MarkedMan writes "An interesting and fairly lengthy CNET article on Mozilla and the pending 1.0 release. Kind of shallow research, making some common mistakes (Like many others, he half implies that AOL picking Mozilla as the default browser automatically puts 35 million users in the Netscape camp.) Good to see this getting some fairly mainline press."

5 of 408 comments (clear)

  1. Now pretty good by prestwich · · Score: 3, Informative

    When Mozilla was first turned open source it was pretty bity and crashy and hopeless.

    Now its probably one of the more stable browsers.

    It does show that dumping a large amount of commercial source into the open community can produce results - but with this amount of code it does take time.

    (Running mozilla 0.9.9)

  2. meaningless version numbers by mblase · · Score: 4, Informative

    IE for Mac and IE for Windows don't begin to have identical feature sets, even where HTML tags and CSS support are concerned. The same actually goes for MS Office on the Mac, which also doesn't use the same names as Office for Windows.

    The reason for this is because Microsoft's Mac products are produced by an entirely different division of the company, which focuses on Mac-specific interfaces and features as well as maximum compatibility with Windows-made files. It's also partly because most of the whiz-bang features for IE-Win (and Office-Win) are specific to the Windows OS, nearly impossible to reproduce on the Mac even if Mac users wanted them. Microsoft's Mac and Windows products may have the same name, but invariably that's where the similarity ends.

    Mozilla and Netscape Navigator have used a common code base for all platforms, so identical version numbers were meaningful there. Microsoft does not. Comparing IE-Mac and IE-Win by version numbers is an exercise in futility.

    And as an unrelated aside: is IE6 for Windows really all that different from IE5? I sure don't see any major differences in my day-to-day browsing.

  3. Re:Exactly by sab39 · · Score: 3, Informative

    The problem is that *every* browser, from IE1 and NS1 up, will simply ignore CSS features they don't understand, which was part of the design of CSS and allows pages to degrade gracefully. Every browser, that is, *except* for Netscape 4.

    Every other browser will either honor or ignore your font color selections, either of which looks okay. Netscape 4 will honor your font color selections only on the table row where the text is longest, in some circumstances, which invariably looks awful. Setting certain vertical-alignment properties on images will either work or not work in other browsers; in Netscape 4 it will randomly reorder your images. And so on.

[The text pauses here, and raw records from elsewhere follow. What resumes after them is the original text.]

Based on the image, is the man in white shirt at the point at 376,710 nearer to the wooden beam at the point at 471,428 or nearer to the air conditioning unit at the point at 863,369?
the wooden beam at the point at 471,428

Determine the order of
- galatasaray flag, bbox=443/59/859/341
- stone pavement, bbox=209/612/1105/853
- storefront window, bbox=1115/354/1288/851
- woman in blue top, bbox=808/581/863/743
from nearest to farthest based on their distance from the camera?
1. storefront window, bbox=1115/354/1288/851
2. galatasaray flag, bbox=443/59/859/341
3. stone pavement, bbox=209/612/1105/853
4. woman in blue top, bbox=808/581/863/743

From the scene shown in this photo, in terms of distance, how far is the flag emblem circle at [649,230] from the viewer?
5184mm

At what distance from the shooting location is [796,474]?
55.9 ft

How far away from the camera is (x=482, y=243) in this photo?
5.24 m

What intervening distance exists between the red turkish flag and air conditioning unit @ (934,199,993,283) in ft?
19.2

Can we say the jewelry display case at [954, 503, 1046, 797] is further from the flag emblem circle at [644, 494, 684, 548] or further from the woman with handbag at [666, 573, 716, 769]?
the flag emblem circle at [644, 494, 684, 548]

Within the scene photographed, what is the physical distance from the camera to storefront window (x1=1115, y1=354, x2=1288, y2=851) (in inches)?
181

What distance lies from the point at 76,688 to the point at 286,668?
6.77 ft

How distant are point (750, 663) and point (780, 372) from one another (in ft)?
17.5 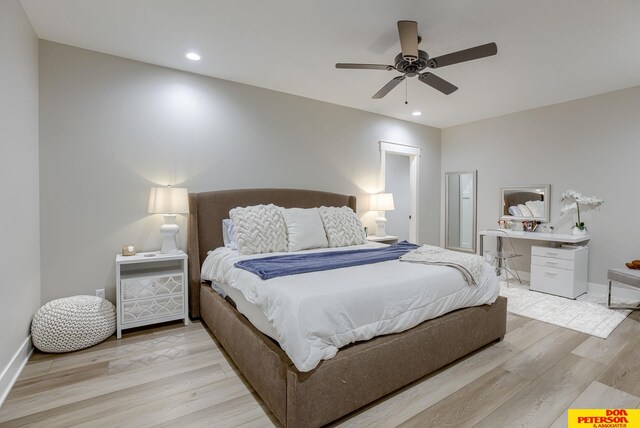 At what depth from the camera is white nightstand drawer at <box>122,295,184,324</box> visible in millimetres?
2701

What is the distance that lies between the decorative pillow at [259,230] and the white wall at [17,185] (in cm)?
153

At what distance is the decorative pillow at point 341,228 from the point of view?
11.1 ft

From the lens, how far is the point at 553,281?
391cm

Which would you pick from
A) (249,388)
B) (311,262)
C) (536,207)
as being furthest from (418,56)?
(536,207)

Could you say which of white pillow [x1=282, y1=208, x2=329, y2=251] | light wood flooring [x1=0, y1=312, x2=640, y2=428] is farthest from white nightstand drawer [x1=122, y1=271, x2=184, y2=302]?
white pillow [x1=282, y1=208, x2=329, y2=251]

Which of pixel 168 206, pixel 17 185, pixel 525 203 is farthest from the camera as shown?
pixel 525 203

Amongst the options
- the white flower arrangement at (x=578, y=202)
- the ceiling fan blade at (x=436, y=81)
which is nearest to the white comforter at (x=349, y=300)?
the ceiling fan blade at (x=436, y=81)

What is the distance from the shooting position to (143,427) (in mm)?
1616

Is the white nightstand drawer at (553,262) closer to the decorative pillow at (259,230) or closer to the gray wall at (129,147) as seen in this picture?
the gray wall at (129,147)

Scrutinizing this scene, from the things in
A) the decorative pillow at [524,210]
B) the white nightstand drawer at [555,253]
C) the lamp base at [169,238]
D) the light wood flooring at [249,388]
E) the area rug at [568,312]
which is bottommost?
the light wood flooring at [249,388]

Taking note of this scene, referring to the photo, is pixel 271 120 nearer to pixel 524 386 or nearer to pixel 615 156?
pixel 524 386

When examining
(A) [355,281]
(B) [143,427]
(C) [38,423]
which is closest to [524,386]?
(A) [355,281]

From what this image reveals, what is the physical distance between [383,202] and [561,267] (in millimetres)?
2354

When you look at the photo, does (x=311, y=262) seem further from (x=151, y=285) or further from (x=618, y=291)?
(x=618, y=291) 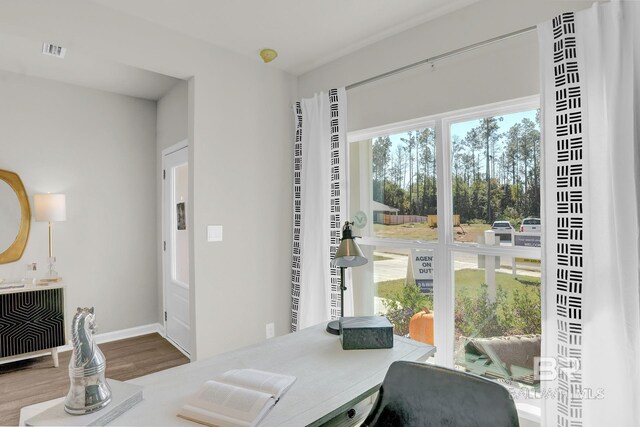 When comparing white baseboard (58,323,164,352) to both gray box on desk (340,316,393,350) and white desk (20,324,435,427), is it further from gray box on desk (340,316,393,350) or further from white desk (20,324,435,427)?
gray box on desk (340,316,393,350)

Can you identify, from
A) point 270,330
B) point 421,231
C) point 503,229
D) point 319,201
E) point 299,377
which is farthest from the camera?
point 270,330

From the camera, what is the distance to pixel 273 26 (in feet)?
8.06

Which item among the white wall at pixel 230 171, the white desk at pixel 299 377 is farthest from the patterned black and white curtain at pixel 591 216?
the white wall at pixel 230 171

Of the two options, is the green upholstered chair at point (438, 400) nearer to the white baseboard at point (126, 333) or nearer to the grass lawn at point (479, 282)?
the grass lawn at point (479, 282)

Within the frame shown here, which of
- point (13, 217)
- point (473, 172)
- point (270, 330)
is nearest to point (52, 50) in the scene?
point (13, 217)

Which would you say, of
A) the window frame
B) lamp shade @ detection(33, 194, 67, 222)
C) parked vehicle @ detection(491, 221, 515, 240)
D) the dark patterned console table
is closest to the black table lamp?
the window frame

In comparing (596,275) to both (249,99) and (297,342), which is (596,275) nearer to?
(297,342)

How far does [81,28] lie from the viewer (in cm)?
213

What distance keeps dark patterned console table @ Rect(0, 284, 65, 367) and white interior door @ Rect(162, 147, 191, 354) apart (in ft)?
3.09

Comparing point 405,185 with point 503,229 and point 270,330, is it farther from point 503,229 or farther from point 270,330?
point 270,330

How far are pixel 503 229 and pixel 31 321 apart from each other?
3.77 meters

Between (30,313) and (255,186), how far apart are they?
2.22 metres

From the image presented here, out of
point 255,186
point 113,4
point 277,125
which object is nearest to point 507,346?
point 255,186

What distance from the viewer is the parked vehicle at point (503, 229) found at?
6.80 feet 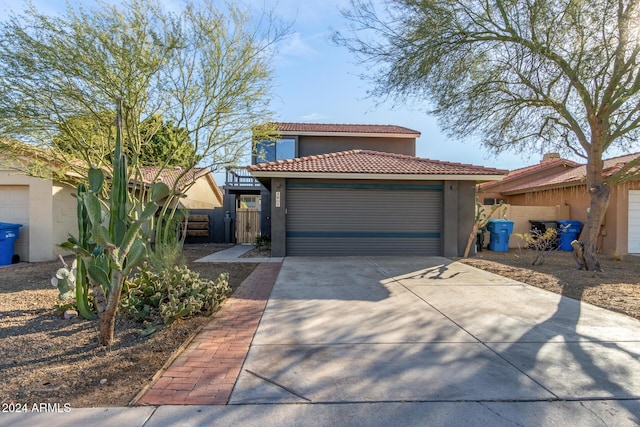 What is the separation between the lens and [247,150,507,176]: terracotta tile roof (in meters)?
11.9

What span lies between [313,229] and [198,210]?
9397 mm

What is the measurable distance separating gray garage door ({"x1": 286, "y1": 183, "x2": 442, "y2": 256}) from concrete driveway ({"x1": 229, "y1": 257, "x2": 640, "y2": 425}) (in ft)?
16.9

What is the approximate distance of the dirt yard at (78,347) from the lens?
10.5 ft

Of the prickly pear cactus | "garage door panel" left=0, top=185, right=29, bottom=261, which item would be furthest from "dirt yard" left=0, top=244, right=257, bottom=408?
"garage door panel" left=0, top=185, right=29, bottom=261

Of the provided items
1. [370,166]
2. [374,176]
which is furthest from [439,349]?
[370,166]

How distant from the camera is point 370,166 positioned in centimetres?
1273

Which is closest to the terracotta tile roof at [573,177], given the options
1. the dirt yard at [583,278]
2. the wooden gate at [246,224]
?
the dirt yard at [583,278]

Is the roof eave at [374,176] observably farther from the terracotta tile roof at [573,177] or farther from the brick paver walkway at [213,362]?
the brick paver walkway at [213,362]

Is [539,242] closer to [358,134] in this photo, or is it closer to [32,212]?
[358,134]

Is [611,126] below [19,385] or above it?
above

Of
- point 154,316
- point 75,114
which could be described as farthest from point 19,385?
point 75,114

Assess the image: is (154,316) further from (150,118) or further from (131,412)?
(150,118)

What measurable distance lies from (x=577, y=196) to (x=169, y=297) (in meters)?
17.0

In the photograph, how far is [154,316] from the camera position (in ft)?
17.0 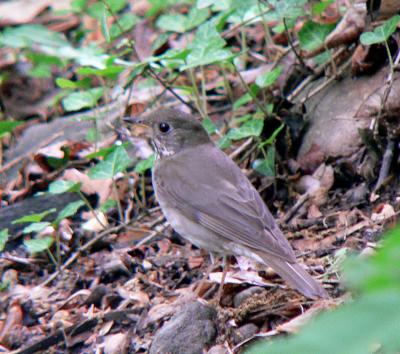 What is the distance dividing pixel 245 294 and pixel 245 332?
17.5 inches

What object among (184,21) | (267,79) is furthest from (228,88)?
(267,79)

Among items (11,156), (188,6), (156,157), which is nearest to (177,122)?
(156,157)

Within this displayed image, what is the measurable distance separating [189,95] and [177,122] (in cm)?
107

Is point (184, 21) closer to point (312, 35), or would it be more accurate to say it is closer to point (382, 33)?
point (312, 35)

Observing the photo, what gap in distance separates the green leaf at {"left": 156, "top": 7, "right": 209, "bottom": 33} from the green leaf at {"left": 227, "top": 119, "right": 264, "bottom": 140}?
1.35 meters

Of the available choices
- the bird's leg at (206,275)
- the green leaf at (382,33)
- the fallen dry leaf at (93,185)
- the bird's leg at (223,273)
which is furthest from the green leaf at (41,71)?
the green leaf at (382,33)

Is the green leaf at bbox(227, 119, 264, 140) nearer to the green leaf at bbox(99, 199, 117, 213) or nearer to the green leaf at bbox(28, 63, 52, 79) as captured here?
the green leaf at bbox(99, 199, 117, 213)

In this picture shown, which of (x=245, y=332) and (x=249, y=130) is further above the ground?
(x=249, y=130)

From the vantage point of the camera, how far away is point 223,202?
4.72 meters

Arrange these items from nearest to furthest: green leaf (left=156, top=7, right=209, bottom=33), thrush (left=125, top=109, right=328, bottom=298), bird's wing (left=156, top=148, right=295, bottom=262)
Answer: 1. thrush (left=125, top=109, right=328, bottom=298)
2. bird's wing (left=156, top=148, right=295, bottom=262)
3. green leaf (left=156, top=7, right=209, bottom=33)

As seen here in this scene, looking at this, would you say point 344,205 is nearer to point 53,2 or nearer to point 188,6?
point 188,6

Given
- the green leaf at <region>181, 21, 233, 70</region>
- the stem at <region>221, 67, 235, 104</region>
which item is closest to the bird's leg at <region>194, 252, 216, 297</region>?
the green leaf at <region>181, 21, 233, 70</region>

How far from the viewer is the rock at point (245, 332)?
12.6 feet

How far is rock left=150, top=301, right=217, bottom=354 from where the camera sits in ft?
12.6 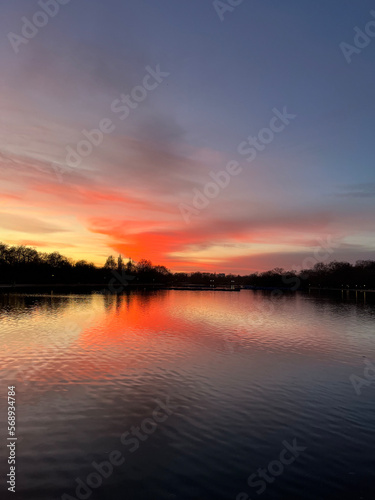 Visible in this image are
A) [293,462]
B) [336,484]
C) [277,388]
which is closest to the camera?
[336,484]

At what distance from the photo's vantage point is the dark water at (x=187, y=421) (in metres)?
9.18

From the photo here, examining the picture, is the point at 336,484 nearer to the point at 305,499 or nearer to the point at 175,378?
the point at 305,499

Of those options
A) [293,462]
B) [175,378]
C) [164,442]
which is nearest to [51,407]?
[164,442]

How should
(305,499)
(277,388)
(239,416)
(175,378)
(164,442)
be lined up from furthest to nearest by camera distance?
(175,378), (277,388), (239,416), (164,442), (305,499)

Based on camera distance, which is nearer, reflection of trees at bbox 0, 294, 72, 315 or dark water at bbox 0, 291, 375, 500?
dark water at bbox 0, 291, 375, 500

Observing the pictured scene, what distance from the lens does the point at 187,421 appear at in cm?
1290

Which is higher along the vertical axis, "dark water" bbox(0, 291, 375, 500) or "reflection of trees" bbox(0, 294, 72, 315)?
"reflection of trees" bbox(0, 294, 72, 315)

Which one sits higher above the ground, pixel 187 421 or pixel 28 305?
pixel 28 305

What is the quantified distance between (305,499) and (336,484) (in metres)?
1.21

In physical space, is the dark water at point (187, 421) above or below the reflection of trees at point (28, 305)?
below

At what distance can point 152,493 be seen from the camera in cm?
865

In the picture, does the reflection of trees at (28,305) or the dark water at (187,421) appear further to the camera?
the reflection of trees at (28,305)

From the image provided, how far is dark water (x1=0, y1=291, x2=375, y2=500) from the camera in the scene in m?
9.18

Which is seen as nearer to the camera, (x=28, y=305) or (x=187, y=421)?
(x=187, y=421) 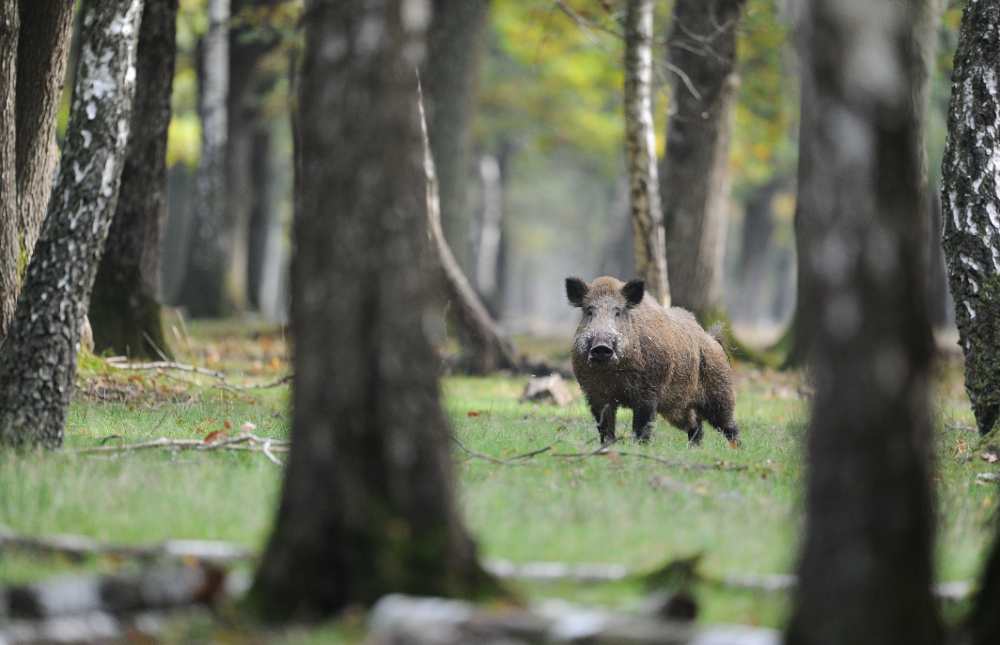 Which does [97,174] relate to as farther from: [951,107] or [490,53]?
[490,53]

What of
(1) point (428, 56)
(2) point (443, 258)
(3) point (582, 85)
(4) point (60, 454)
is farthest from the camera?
(3) point (582, 85)

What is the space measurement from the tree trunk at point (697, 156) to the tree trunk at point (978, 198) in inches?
388

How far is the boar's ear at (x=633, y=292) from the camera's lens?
13.5 metres

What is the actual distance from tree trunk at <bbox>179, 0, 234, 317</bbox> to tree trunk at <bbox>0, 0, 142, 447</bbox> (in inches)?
→ 766

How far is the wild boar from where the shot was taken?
13.3m

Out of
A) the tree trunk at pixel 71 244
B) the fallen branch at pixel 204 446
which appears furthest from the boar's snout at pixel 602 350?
the tree trunk at pixel 71 244

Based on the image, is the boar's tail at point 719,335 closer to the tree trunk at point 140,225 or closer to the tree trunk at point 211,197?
the tree trunk at point 140,225

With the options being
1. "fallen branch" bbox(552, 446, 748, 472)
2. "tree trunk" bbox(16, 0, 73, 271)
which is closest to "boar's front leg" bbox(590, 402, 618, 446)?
"fallen branch" bbox(552, 446, 748, 472)

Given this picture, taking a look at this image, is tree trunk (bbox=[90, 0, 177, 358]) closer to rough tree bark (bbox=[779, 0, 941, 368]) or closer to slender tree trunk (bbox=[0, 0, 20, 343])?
slender tree trunk (bbox=[0, 0, 20, 343])

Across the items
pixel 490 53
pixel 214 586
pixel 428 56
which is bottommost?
pixel 214 586

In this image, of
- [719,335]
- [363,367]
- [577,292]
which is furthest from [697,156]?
[363,367]

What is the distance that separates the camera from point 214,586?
6250mm

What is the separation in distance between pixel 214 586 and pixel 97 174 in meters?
4.85

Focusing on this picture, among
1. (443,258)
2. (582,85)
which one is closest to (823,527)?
(443,258) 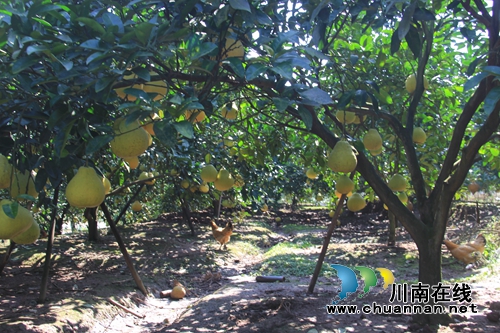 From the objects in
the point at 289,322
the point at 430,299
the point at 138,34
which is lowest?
the point at 289,322

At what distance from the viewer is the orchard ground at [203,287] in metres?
3.38

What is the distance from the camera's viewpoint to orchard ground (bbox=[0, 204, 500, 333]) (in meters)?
3.38

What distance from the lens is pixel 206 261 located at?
24.8 feet

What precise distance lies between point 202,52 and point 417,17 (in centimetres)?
117

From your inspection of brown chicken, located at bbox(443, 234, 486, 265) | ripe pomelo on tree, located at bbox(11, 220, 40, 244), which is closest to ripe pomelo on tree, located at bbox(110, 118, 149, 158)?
ripe pomelo on tree, located at bbox(11, 220, 40, 244)

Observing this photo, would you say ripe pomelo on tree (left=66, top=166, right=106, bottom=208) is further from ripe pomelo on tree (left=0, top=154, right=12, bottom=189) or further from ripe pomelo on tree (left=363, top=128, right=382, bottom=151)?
ripe pomelo on tree (left=363, top=128, right=382, bottom=151)

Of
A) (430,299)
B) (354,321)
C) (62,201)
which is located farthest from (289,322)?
(62,201)

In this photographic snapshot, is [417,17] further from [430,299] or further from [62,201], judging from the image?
[62,201]

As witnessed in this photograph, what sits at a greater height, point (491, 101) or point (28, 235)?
point (491, 101)

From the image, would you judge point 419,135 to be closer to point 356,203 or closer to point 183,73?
point 356,203

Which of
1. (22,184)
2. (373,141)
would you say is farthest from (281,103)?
(373,141)

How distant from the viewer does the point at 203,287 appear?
6105mm

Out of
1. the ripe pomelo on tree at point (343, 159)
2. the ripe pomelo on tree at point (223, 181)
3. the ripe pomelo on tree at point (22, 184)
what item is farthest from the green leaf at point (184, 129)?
the ripe pomelo on tree at point (223, 181)

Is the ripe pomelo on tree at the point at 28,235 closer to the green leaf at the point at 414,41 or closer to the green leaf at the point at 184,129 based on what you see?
the green leaf at the point at 184,129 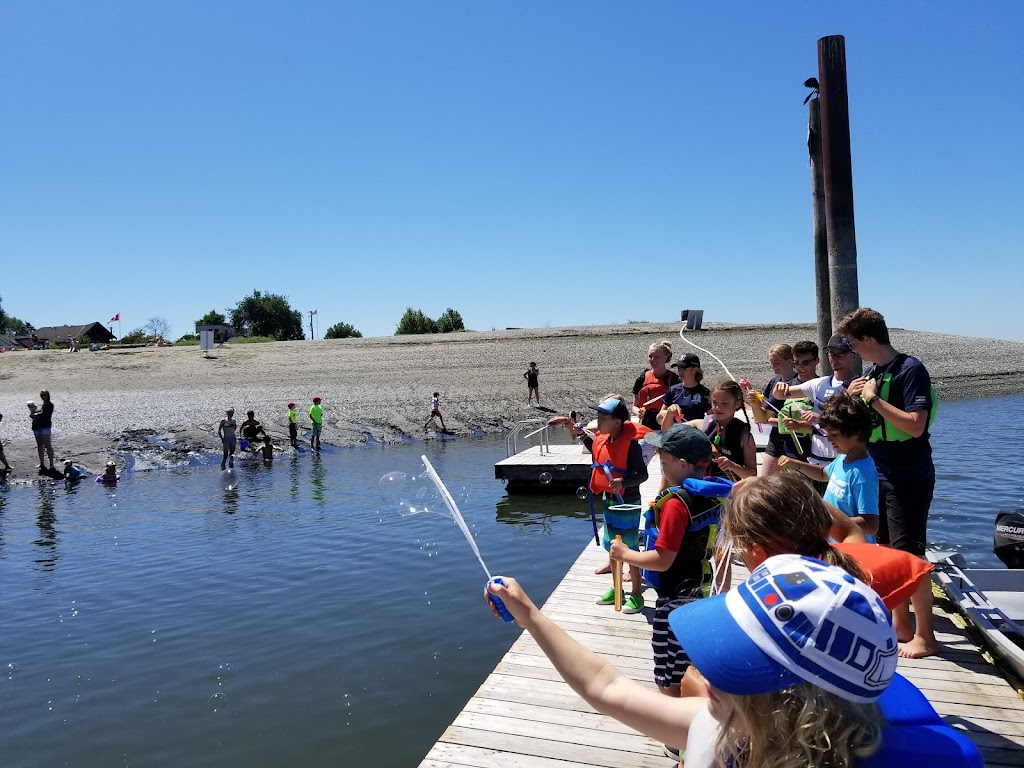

    For every other browser ever made, you can safely use any feature of CSS and get something which will look *okay* - either your stylesheet will be honored or not. With Netscape 4, if you happen to use the wrong part of CSS, your page will be completely unreadable.

    You might not agree with the previous poster's position, but it is a logical approach. If Netscape 4 is remotely widely used among your site's visitors, it's really the only approach.

    Stuart.

  4. VS .NET generated code by mmcshane · · Score: 3, Informative

    I write this as a standards-loving web developer who has been fooling with Visual Studio .NET for 2 months...

    It is going to be UGLY when the 35 Million Gecko users (I know, shush) smack up against hundreds of ASP .NET sites built in VS.NET WYSIWYG mode. There is a compatability mode but it drops back to Netscape 4 which also won't work correctly.

  5. Re:Dumb question - is Mozilla worth it? by aoeuid · · Score: 3, Informative

    Mozilla was slow on my p166 (Linux), so I didn't use it very often. But then I had to start doing web development work, and bought the cheapest new motherboard/cpu I could. So sure, on a p166/64 megs of ram it was admitidly not very usable, on my el cheapo $400 CDN AMD CPU/Motherboard/128 megs of ram combo the feb 10 nightly has been running just great with no problems at all. I don't think you can get away with saying rendering is slow, because its not. But I would believe its slower to popup and start with only 64megs of ram.